I have some code that does the same thing to several files in a python 3 application and so seems like a great candidate for multiprocessing. I'm trying to use Pool to assign work to some number of processes. I'd like the code to continue do other things (mainly displaying things for the user) while these calculations are going on, so i'd like to use the map_async function of the multiprocessing.Pool class for this. I would expect that after calling this, the code will continue and the result will be handled by the callback I've specified, but this doesn't seem to be happening. The following code shows three ways I've tried calling map_async and the results I've seen:
import multiprocessing
NUM_PROCS = 4
def func(arg_list):
arg1 = arg_list[0]
arg2 = arg_list[1]
print('start func')
print ('arg1 = {0}'.format(arg1))
print ('arg2 = {0}'.format(arg2))
time.sleep(1)
result1 = arg1 * arg2
print('end func')
return result1
def callback(result):
print('result is {0}'.format(result))
def error_handler(error1):
print('error in call\n {0}'.format(error1))
def async1(arg_list1):
# This is how my understanding of map_async suggests i should
# call it. When I execute this, the target function func() is not called
with multiprocessing.Pool(NUM_PROCS) as p1:
r1 = p1.map_async(func,
arg_list1,
callback=callback,
error_callback=error_handler)
def async2(arg_list1):
with multiprocessing.Pool(NUM_PROCS) as p1:
# If I call the wait function on the result for a small
# amount of time, then the target function func() is called
# and executes sucessfully in 2 processes, but the callback
# function is never called so the results are not processed
r1 = p1.map_async(func,
arg_list1,
callback=callback,
error_callback=error_handler)
r1.wait(0.1)
def async3(arg_list1):
# if I explicitly call join on the pool, then the target function func()
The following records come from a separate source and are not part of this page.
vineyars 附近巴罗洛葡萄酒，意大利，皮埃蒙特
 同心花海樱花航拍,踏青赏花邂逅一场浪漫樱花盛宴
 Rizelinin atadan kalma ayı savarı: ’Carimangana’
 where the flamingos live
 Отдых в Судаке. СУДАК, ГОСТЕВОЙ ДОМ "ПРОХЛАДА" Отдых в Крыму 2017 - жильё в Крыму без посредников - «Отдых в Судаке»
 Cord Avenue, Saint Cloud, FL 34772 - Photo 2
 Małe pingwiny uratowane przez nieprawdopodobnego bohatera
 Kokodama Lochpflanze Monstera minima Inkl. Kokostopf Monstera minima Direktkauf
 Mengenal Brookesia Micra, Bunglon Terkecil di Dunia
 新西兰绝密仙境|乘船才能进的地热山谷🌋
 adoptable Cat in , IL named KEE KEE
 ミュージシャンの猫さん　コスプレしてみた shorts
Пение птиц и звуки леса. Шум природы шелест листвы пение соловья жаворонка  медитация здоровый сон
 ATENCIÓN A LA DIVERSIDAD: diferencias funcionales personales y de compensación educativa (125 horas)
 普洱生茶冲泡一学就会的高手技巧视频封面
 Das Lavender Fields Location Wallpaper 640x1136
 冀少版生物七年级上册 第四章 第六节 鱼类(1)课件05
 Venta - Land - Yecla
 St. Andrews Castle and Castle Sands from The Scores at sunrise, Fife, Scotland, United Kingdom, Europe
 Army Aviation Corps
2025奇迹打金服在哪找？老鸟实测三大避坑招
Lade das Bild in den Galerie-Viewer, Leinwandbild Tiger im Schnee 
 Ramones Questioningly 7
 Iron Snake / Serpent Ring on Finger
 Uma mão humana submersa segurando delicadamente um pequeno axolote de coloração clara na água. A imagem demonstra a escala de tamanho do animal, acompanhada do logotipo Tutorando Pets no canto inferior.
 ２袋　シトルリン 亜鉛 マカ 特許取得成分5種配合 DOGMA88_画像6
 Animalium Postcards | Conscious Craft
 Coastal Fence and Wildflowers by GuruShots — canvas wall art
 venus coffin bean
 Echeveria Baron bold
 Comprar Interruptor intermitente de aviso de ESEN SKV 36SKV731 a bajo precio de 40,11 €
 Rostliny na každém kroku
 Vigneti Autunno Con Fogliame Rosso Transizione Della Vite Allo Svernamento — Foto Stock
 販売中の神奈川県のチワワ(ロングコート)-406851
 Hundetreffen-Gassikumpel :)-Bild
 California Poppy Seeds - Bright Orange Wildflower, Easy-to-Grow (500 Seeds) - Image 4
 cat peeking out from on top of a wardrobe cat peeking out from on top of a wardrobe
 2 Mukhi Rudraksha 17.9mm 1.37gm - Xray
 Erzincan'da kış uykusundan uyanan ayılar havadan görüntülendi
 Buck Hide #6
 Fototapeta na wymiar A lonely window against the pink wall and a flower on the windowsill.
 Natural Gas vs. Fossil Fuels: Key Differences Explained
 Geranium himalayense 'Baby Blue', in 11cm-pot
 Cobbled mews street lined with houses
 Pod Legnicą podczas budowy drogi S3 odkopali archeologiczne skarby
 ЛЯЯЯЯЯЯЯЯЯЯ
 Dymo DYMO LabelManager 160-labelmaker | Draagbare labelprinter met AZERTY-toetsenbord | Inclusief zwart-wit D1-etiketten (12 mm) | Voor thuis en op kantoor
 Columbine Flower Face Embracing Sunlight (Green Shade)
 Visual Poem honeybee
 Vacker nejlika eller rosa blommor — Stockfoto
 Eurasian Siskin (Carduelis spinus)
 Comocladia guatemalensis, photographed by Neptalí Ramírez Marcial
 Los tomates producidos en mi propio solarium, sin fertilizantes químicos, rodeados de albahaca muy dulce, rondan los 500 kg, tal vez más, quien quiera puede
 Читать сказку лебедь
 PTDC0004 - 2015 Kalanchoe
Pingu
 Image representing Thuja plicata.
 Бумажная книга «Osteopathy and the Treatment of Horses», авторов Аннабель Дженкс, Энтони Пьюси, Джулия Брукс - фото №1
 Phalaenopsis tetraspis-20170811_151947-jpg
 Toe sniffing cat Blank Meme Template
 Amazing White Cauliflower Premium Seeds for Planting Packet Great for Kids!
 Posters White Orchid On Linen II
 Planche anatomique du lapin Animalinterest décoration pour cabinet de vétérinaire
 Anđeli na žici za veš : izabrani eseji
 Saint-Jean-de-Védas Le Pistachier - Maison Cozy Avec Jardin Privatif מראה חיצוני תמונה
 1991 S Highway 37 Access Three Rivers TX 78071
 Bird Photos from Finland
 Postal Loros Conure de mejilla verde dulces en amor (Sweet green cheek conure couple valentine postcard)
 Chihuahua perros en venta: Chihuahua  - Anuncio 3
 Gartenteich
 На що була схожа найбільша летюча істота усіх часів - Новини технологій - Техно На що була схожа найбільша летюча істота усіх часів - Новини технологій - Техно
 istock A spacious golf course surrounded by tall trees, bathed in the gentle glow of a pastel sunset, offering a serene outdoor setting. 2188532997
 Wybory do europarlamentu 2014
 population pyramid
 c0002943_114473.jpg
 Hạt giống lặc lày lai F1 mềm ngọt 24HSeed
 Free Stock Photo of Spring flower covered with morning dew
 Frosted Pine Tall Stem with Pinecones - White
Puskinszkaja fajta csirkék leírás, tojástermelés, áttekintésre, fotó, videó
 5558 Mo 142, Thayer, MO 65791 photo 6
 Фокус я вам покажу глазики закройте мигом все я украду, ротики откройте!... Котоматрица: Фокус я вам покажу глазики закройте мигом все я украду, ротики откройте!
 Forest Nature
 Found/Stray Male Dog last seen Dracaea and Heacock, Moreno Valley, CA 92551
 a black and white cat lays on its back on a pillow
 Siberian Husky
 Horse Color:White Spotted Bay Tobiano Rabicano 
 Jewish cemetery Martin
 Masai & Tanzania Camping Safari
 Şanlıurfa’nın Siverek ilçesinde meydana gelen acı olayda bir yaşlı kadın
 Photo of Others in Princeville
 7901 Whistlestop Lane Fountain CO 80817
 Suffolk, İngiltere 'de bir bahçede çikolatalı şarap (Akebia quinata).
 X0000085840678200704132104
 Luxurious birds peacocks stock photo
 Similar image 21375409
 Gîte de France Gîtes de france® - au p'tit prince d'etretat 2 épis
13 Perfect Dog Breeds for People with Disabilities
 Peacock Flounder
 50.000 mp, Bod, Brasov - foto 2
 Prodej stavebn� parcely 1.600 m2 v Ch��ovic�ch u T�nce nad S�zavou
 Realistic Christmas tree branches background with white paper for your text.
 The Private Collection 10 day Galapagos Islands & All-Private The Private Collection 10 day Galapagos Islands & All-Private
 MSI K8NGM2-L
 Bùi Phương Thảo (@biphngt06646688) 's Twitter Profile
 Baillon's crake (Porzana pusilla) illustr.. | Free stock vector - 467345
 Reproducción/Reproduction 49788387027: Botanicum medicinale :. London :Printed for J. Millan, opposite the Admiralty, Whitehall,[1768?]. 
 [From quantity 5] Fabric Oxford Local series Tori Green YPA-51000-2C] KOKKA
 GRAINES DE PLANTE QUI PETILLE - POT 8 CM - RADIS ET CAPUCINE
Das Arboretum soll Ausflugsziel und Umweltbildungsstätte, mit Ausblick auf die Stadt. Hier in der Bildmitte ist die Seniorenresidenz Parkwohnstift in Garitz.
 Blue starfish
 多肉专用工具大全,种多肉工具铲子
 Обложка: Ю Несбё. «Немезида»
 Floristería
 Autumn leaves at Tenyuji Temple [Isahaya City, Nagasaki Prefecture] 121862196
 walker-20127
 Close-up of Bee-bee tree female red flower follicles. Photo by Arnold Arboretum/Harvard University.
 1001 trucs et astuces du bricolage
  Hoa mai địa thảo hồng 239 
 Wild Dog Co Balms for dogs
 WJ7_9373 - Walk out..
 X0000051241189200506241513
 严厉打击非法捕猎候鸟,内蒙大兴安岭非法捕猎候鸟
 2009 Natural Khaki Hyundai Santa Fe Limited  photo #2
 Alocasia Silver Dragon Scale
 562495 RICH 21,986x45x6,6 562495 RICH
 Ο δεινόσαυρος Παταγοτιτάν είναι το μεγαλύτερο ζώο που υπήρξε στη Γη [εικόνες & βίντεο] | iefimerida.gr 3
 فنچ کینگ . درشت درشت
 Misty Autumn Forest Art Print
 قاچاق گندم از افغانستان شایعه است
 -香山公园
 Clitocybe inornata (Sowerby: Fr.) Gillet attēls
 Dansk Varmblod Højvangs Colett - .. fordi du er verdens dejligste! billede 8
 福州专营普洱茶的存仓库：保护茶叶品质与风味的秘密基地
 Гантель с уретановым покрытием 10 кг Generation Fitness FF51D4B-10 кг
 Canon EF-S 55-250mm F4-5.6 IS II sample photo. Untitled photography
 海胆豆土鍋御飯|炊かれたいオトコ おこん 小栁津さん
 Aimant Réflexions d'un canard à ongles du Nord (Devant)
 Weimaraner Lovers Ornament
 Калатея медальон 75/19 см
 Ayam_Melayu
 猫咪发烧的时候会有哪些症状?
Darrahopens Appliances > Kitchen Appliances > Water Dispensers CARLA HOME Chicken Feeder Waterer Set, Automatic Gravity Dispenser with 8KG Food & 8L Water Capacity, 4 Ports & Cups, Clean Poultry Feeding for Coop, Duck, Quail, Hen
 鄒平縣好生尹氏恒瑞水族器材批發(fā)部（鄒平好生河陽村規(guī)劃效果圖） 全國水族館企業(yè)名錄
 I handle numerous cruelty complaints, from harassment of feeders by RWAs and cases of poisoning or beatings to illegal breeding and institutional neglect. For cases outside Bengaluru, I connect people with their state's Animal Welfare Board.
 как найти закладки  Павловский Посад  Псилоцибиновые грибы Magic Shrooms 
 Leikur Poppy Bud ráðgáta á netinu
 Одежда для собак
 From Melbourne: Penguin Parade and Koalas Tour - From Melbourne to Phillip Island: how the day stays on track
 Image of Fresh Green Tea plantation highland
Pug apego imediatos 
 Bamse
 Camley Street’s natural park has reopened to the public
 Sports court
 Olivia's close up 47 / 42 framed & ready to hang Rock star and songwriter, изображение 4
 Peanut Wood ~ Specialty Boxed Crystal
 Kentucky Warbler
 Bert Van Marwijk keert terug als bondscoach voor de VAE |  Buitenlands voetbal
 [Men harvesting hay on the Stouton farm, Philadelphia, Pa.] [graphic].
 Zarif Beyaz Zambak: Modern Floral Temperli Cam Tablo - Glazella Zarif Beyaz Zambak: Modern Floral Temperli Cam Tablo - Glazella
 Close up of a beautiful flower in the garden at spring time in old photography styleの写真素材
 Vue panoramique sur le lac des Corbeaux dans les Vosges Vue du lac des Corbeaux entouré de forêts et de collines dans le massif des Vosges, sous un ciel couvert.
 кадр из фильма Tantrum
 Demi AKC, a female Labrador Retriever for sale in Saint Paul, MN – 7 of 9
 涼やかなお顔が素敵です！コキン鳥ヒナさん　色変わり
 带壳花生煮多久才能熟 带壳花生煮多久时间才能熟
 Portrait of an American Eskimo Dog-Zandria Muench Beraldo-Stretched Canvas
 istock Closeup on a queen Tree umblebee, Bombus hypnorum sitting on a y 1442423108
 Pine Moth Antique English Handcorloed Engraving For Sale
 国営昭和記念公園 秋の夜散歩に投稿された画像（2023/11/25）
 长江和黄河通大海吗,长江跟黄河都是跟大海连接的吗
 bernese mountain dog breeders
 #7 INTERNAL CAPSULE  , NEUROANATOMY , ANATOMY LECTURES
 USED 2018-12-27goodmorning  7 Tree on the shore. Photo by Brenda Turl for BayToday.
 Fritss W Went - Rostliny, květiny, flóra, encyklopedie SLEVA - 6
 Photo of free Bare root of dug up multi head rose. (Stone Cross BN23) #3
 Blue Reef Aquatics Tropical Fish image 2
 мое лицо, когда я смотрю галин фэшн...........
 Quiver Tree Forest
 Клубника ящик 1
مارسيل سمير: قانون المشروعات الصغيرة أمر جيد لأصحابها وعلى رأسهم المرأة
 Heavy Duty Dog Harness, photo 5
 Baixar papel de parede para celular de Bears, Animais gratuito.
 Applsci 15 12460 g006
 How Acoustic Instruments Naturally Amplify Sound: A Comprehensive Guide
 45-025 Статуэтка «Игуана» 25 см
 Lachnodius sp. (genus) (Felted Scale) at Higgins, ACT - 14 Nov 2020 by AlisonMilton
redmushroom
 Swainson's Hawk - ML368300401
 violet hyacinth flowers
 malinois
# successfully executes in 2 processes and the callback function is also
# called, but by calling join the processing is not asynchronous any more
# as join blocks the main process until the other processes are finished.
with multiprocessing.Pool(NUM_PROCS) as p1:
r1 = p1.map_async(func,
arg_list1,
callback=callback,
error_callback=error_handler)
p1.close()
p1.join()
def main():
arg_list1 = [(5, 3), (7, 4), (-8, 10), (4, 12)]
async3(arg_list1)
print('pool executed successfully')
if __name__ == '__main__':
main()
When async1, async2 or async3 is called in main, the results are described in the comments for each function. Could any one explain why the different calls are behaving the way they are? Ultimately I'd like to call map_async as done in async1, so i can do something in else the main process while the worker processes are busy. I have tested this code with python 2.7 and 3.6, on an older RH6 linux box and a newer ubuntu VM, with the same results.